Marissa Mayer on Yahoo!’s telecommuting policy
“I need to talk about the elephant in the room.” Immediately an image of a purple elephant, with large while letters “WFH” (work from home) painted on its side, appeared on projection screens in the hotel auditorium.She repeated a key phrase the company used in a statement it released after the memo was leaked: “It’s not what’s right for Yahoo right now,” and added “It was wrongly perceived as an industry narrative.”
So, many companies believe the advantages of remote working significantly outweigh the disadvantages, while acknowledging exceptions.
A global workforce regardless of size
Technology is supporting collaboration and communication as never before. There are a growing number of apps to support remote working, including new video-conferencing, document-sharing and quick messaging. Cloud-based systems means that everyone has instant access to the same documents, no matter where they are. Given the number of office-based workers who admit to emailing someone on the next desk, co-location is clearly no guarantee of good communication.
With remote working, national boundaries start to lose their significance. You can employ the best in the world from all around the world. This is particularly important for start-ups, who need to gather great talent, but without going to great expense.
Let’s just unpick the whole concept of remote working a little. Research shows that the majority of remote workers are older men, and that they are doing their remote work on top of a full week in the office. So remote working, for them, is enabling them to do their overtime at home. That’s not really what we’re talking about here. We’re talking about not having an office at all, but instead, having remote teams, each of which is spread across countries and time zones. This is obviously going to work best for teams that are very well supported technologically. But plenty of companies are now choosing to work this way, such as Working Mums, an employment agency in the UK, which no longer has a central London office. Crowdsourcing is another example of working across national boundaries to access a global workforce.
Other companies are using remote workers around the world as a way to ensure that customers can always contact someone when they wish to do so. If you only have a US office, your customers in the Far East and Europe cannot get in touch for some part of their day. But a few remote workers in those locations, and your customers have instant access.
The ideal remote workers
There are challenges to overcome, both for companies and individuals, before remote working is feasible. First, for individuals. Remote working is not for everyone. Remote workers have to be more self-disciplined, and also more flexible. With team members around the world, everyone has to be prepared to have the odd phone call at unlikely times of day. 9–5 isn’t going to work in this new world. They also need to be more transparent about what they’re doing, sharing work and collaborating. They also need to be really good communicators. With only telephone, email and video tools, building relationships and trust is harder and needs much more work. It takes longer to build a similar level of trust, but taking this time will pay dividends, because the relationship so built will be based on shared work values, not shared chats around the coffee machine, and the team will be more productive.

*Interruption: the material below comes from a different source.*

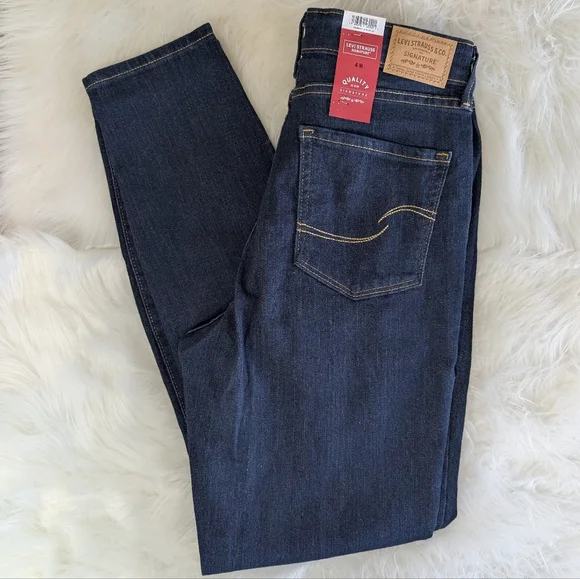 🆕 Levi's Women's Soft Stretch High Waist Skinny Jeans, Classic Dark Wash 27x30 - Picture 2 of 11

For companies, the challenge is about whether they are prepared to put in the investment. Everyone, from management down, does need to buy into the ideas, and it takes time to show results. It also seems likely that there is a critical mass of remote workers, beyond which remote working becomes the norm rather than the exception. Before that point is reached, there will always be suspicion that remote workers are ‘skiving’ or ‘not pulling their weight’, This is usually from fellow employees rather than managers. It creates discontent, and needs to be managed. There will also be issues about the work required to communicate well with remote workers, and keep them engaged. But once beyond the critical mass, companies may well find it’s the best move they ever made, allowing them to recruit and retain the best in the world regardless of their location.
Remote working can be extremely beneficial for companies and individuals, but it does take effort on both parts. Technology is only part of the story. The question for companies and individuals alike is whether they are prepared to make the investment to reap the benefits.